The Main workflow creates GitHub releases that should trigger the Publish workflow. However, due to GitHub's security features, workflows triggered by the default `GITHUB_TOKEN` cannot trigger other workflows (this prevents infinite loops).

**To enable the Publish workflow to trigger automatically:**

1. Create a Personal Access Token (PAT) with the following permissions:
   - `contents:write` - To create releases
   - `actions:read` - To trigger workflows

2. Add the PAT as a repository secret named `RELEASE_TOKEN`:
   - Go to Settings → Secrets and variables → Actions
   - Click "New repository secret"
   - Name: `RELEASE_TOKEN`
   - Value: Your PAT

3. The Main workflow will automatically use `RELEASE_TOKEN` if available, falling back to `GITHUB_TOKEN` if not configured.

## Workflows

### 1. Pull Request Workflow (`pr.yml`)

**Purpose**: Validates and tests all pull requests.

**Triggers**: Pull requests to `main` branch

**Jobs**:

- **validate**: Checks changeset status
- **security-audit**: Runs security audit
- **type-checking**: TypeScript type checking
- **linting**: ESLint checks
- **format-checking**: Prettier formatting checks
- **test**: Runs test suite with coverage
- **codeql**: Security analysis
- **osv-scan**: Vulnerability scanning

### 2. Main Workflow (`main.yml`)

**Purpose**: Handles versioning and release creation when changes are merged to main.

**Triggers**: Push to `main` branch

**Jobs**:

- **build**:
  - Checks for changesets (fails if releasable commits lack changesets)
  - Versions packages using changesets
  - Builds artifacts and generates SBOM
  - Creates GitHub release with artifacts
  - Generates build attestations

**Important**: Requires `RELEASE_TOKEN` secret to trigger the publish workflow.

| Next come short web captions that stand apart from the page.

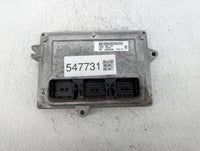 2013-2015 Acura Rdx PCM Engine Control Computer ECU ECM PCU OEM P/N:37820-R8A-A55 Fits Fits 2013 2014 2015 OEM Used Auto Par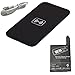 Fanku Qi Wireless Charger Pad MAT+Receiver Kit For Samsung Galaxy S4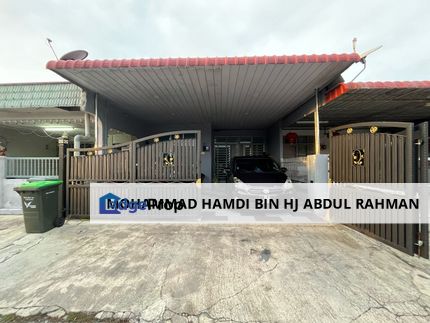 TERES SETINGKAT RENOVATED DI TAMAN KELADI SG PETANI, KEDAH UNTUK DIJUAL, Kedah, Sungai Petani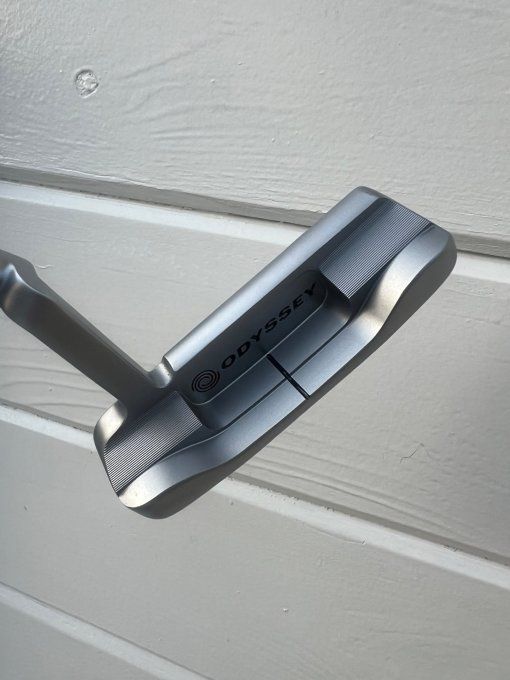 Putter Odyssey White Hot OG1 taille 34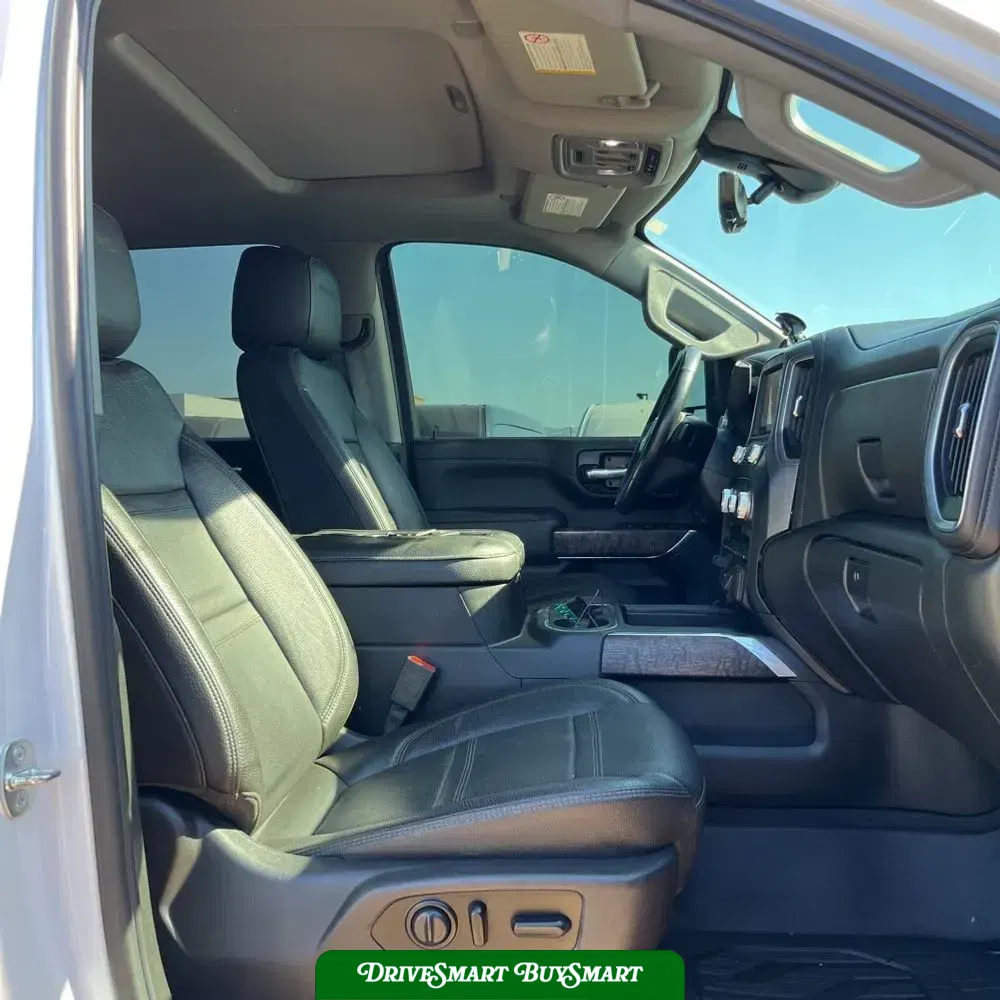 2020 GMC Sierra 2500 Denali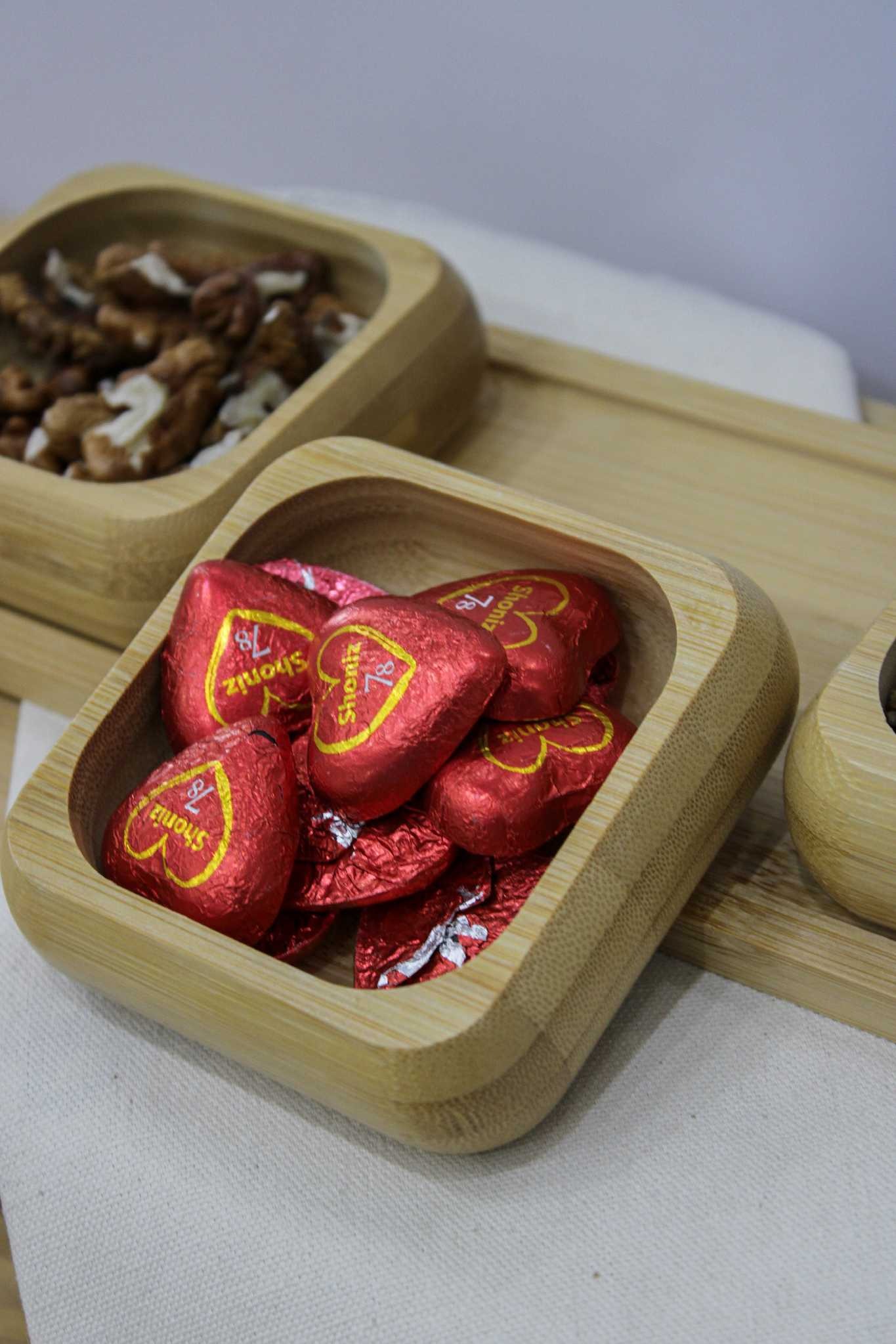 اردو خوری بامبو مربع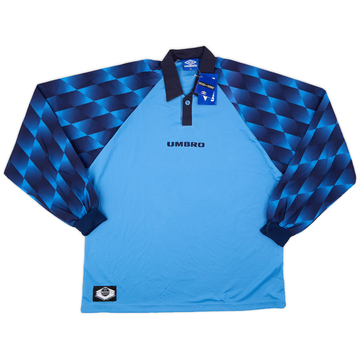 超特価激安 1990s Umbro (XXL) - 8/10 - Shirt L/S Template ウェア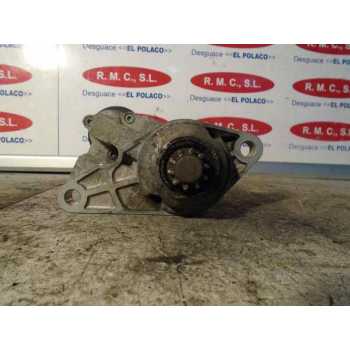 Recambio de motores de arranque para volkswagen polo (9n1) 1.2 12v referencia OEM IAM 02T911023E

### 3. Publish Workflow (`publish.yml`)

**Purpose**: Publishes packages to registries after a release.

**Triggers**:

- Release published event
- Manual workflow dispatch

**Jobs**:

- **npm**: Publishes to NPM (requires `ENABLE_NPM_RELEASE` variable and `NPM_TOKEN` secret)
- **docker**: Builds and publishes Docker images (requires `ENABLE_DOCKER_RELEASE` variable)

## Configuration

### Required Secrets

| Secret               | Purpose                                       | Required For    |
| -------------------- | --------------------------------------------- | --------------- |
| `RELEASE_TOKEN`      | PAT to trigger publish workflow from releases | Auto-publish    |
| `NPM_TOKEN`          | NPM authentication                            | NPM publishing  |
| `DOCKERHUB_USERNAME` | Docker Hub username                           | Docker Hub push |
| `DOCKERHUB_TOKEN`    | Docker Hub access token                       | Docker Hub push |

### Repository Variables

| Variable                | Purpose                    | Default |
| ----------------------- | -------------------------- | ------- |
| `ENABLE_NPM_RELEASE`    | Enable NPM publishing      | `false` |
| `ENABLE_DOCKER_RELEASE` | Enable Docker distribution | `false` |

## Setup Instructions

### 1. Create a Personal Access Token for Releases

Create a fine-grained PAT with:

- **Repository access**: Your repository
- **Permissions**: Contents (Write), Actions (Read)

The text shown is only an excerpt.